The task
From the entries below, retype only the lines from the one with "Orniest Amateur Mature" through the one with "Li-ion Lifepo4 LTO", exactly as written.

Data for this task
·····
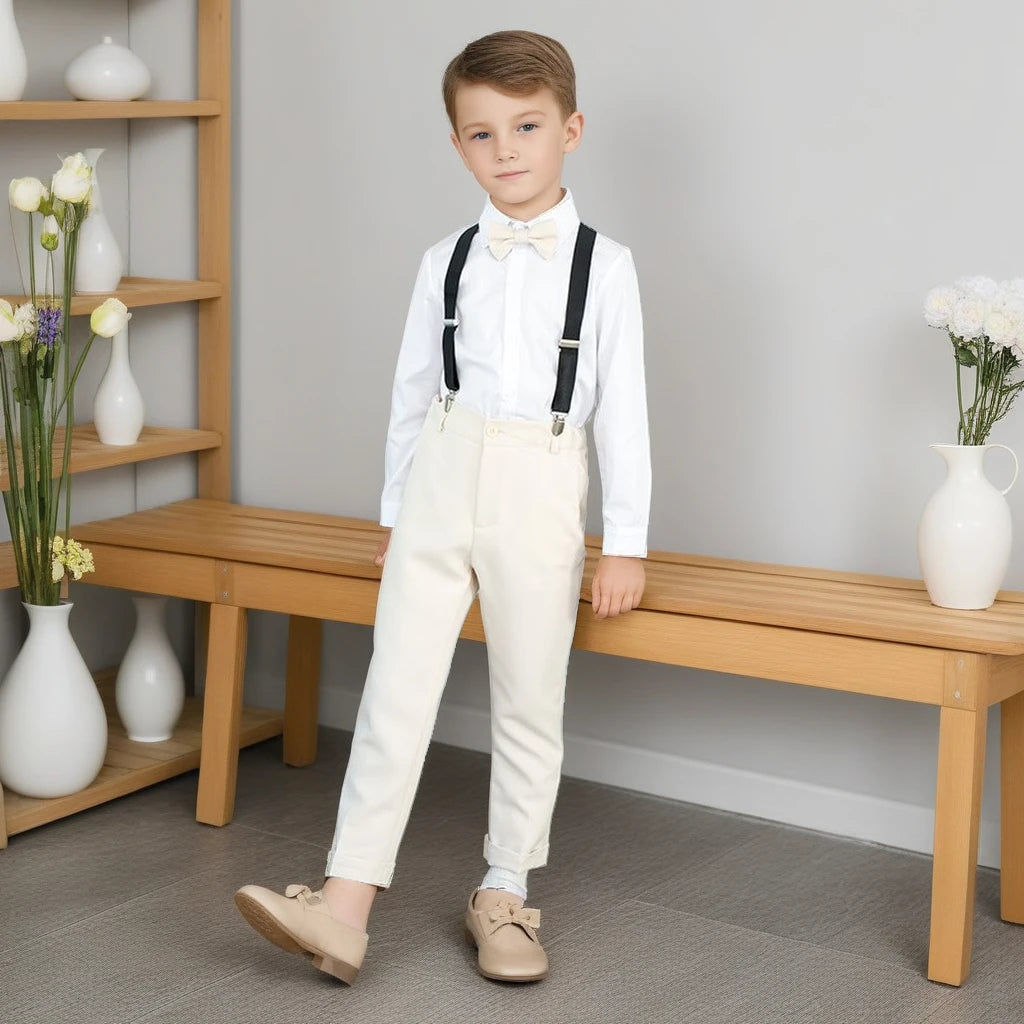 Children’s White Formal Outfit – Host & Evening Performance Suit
·····
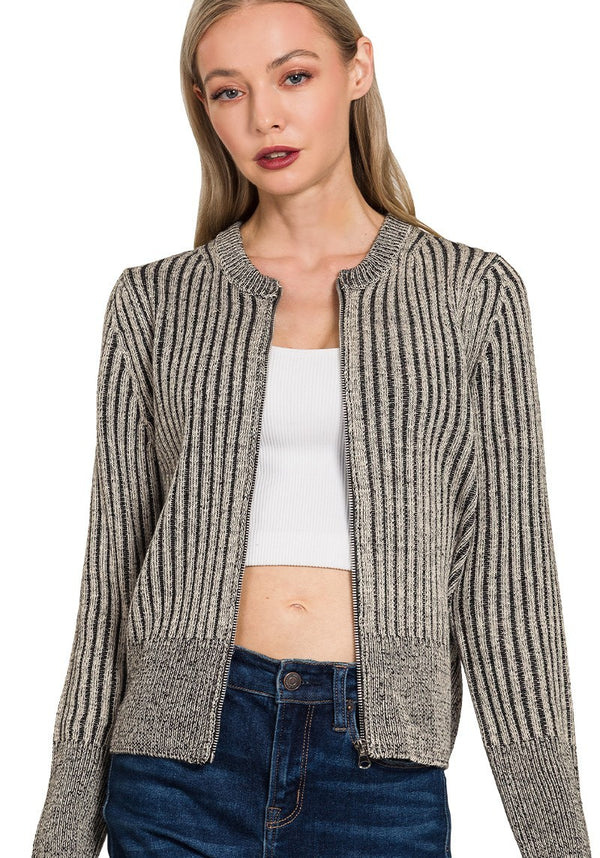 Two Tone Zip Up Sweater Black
·····
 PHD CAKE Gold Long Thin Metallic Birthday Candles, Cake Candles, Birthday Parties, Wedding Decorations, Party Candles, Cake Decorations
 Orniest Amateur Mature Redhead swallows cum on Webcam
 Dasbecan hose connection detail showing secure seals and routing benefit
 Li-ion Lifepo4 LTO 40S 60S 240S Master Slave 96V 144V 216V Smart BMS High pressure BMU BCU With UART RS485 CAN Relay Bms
·····
Reply
 Orniest Amateur Mature Redhead swallows cum on Webcam
 Dasbecan hose connection detail showing secure seals and routing benefit
 Li-ion Lifepo4 LTO 40S 60S 240S Master Slave 96V 144V 216V Smart BMS High pressure BMU BCU With UART RS485 CAN Relay Bms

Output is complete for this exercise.